Dies ist ein vierstündiger Zustand der Fassungslosigkeit und des Entsetzens, und noch bevor die Nachricht kommt, die diesen Zustand hervorruft, ist schon alles geschehen und unabänderlich. Vorher wäre es änderlich gewesen, auch das gehört zum gähnenden Abgrund, der sich in Aischylos’ Tragödie „Die Perser“ auftut. Das Debakel ist gottgewollt, aber menschgemacht. Sicherheitshalber und genussvoll wird darauf hingewiesen: Der Perserkönig Xerxes, jung und unerfahren, hat sich von den Griechen übers Ohr hauen lassen.
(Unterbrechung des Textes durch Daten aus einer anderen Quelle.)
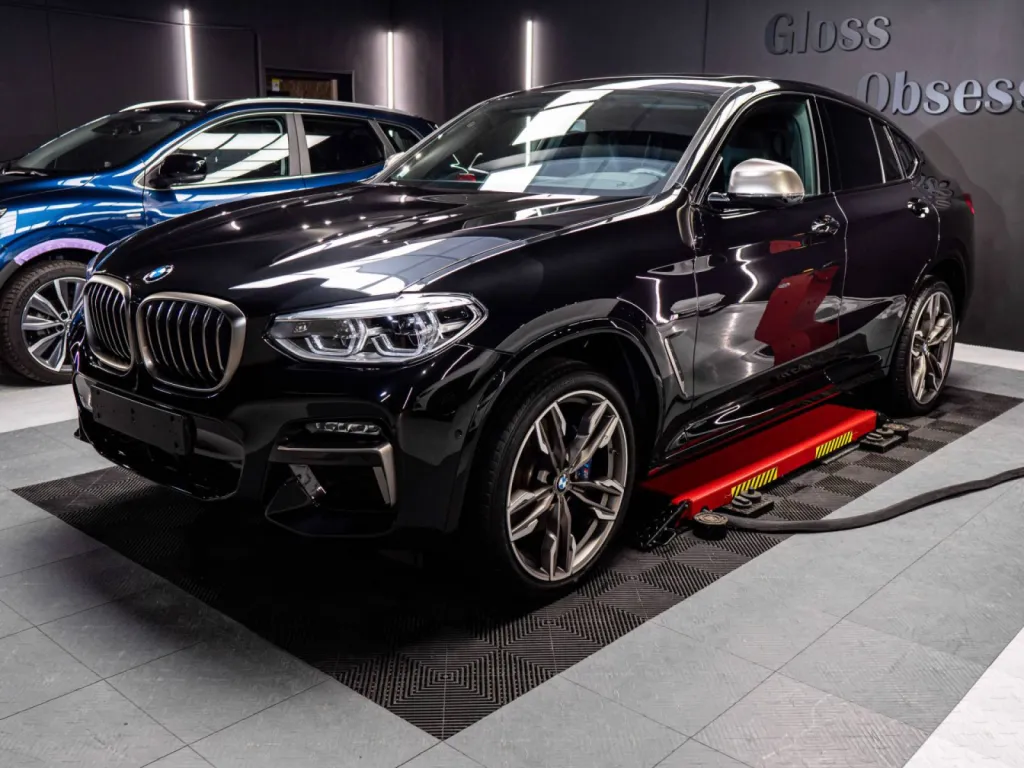 Traitement céramique Gtechniq, protection de la carrosserie et des jantes sur ce BMW X4 à Vannes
Die Griechen waren schlau, aber der Perser war dumm. 

Genussvoll? Süßer ist der Sieg, wenn man sich die Niederlage des Gegners ausführlich vor Augen hält, jeder noch so dämliche Fußballfan kennt und praktiziert das. Der Grieche Aischylos stellte seinem Publikum in diesem Fall eine Schlacht vor Augen, die wenige Jahre zuvor, 480 v. Chr., stattgefunden hatte, die Schlacht bei Salamis, später zum großen Sieg des Abendlandes über Asien stilisiert, damals ein auch tagespolitisch wichtiger Befreiungsschlag gegen die benachbarte Großmacht. 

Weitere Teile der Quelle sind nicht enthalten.